Source: Amanda Peterka, E&E reporter • Posted: Friday, March 1, 2013

Second-generation biofuel producers are pushing back against the moniker “phantom fuels,” a term that opponents of the renewable fuel standard (RFS) have tagged them with, even as U.S. EPA cancels its cellulosic biofuel requirements

Major ethanol companies Poet LLC and Abengoa Bioenergy, along with the Biotechnology Industry Organization (BIO), yesterday took to Capitol Hill to tout the progress they have made on producing biofuels from plant-based materials like switch grass, agricultural residues and municipal solid waste.

Cellulosic biofuel has so far attracted more than $1 billion in private investment, and companies are working on projects in more than 20 states, they told staffers from several congressional offices. Poet, with its partner Royal DSM, is building a cellulosic plant in Emmetsburg, Iowa, while Abengoa is scaling up its technology at a facility in Hugoton, Kan.

For the first time ever, producers last year generated 21,000 gallons of cellulosic biofuel, according to EPA’s electronic data system for the renewable fuel standard.

“Cellulosic gallons are real,” Matt Carr, managing director at BIO, said yesterday.

But the briefing on the Hill came just hours before EPA announced that it has vacated its 2012 target for cellulosic biofuel production. A federal court earlier this year found that the number, which far overshot the amount that was actually available in the market last year, wasn’t accurate enough.

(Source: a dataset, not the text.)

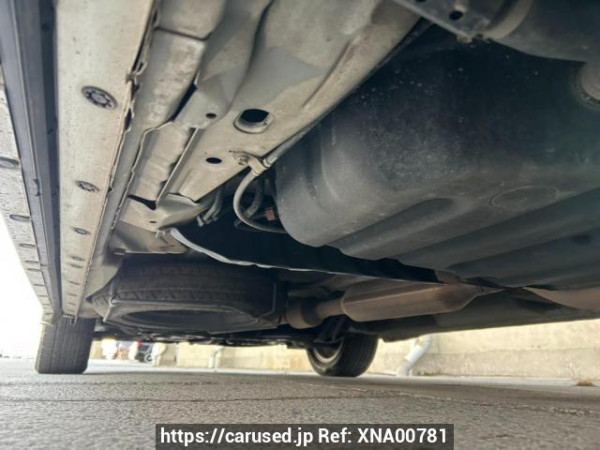 Used 2008 AT toyota voxy ZRR70W Image[37]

The agency said in a statement yesterday that refiners would not have to purchase 78-cent credits for the 8.65-million-gallon requirement, the paperwork for which was due today. EPA is planning to provide refunds to any refiners that complied with the 2012 requirement ahead of today’s deadline.

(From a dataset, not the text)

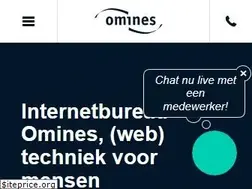 Sites similar to omines.nl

EPA did not respond to questions on the matter, but the agency is also likely to zero out the 2011 cellulosic biofuel requirement of 6.6 million gallons. Oil industry groups have challenged that number in court and also are likely to bring a lawsuit against EPA’s 2013 requirement.

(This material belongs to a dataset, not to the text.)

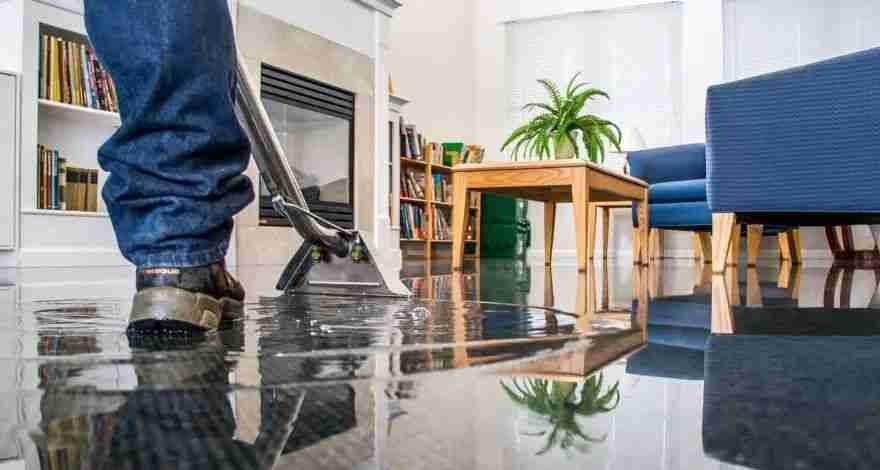 Essential Tips to Prevent Water Damage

The 2007 Energy Independence and Security Act, which revised the renewable fuel standard to its current levels, envisioned 1 billion gallons of production last year but gives EPA flexibility in setting the cellulosic target. Under the RFS, refiners are required to purchase waiver credits to make up the full cellulosic biofuel requirement.

The small production numbers up until now have given fodder to opponents of the renewable fuel standard, who label them “phantom fuels” and charge that EPA is making refiners pay for not using fuels that are essentially nonexistent in the market.

Lawmakers have picked up on the opposition; earlier this year, bills targeting “phantom fuels” were introduced in both the House and the Senate. The legislation would compel EPA to base its cellulosic number on actual production data from the previous year (E&ENews PM, Feb. 7)

“Mandating the production of cellulosic biofuel has netted millions for the federal government for a product that barely exists, but it has placed a heavy financial burden on energy producers who simply pass along that cost to consumers,” said Sen. Jeff Flake (R-Ariz.), one of the bill’s sponsors. “This regulation must be reformed to reflect reality.

But the cellulosic producers yesterday shot back against the criticism, touting what they said were big achievements in scaling up production

Brent Erickson, executive vice president in charge of the industrial and environmental section at BIO, said the growth of the industry has been remarkable, given that it was trying to compress what is essentially 100 years of expansion into a two-decade time frame

About five companies, including Poet and Abengoa, are expected to begin production this year at facilities; last year, INEOS Bio and KiOR Inc. finished construction on the first cellulosic plants in the country.

Opponents of the RFS are trying to “strangle the baby while it’s still in the cradle,” said Christopher Standlee, executive vice president at Abengoa.

Earlier this week, the Energy Information Administration estimated that the cellulosic biofuel industry would produce 5 million gallons by the end of the year. By 2015, the industry will have a capacity of around 250 million gallons, EIA said.

The agency noted, though, that “although cellulosic biofuels volumes are expected to grow significantly relative to current levels, they will likely remain well below the targets envisioned” in the 2007 statute.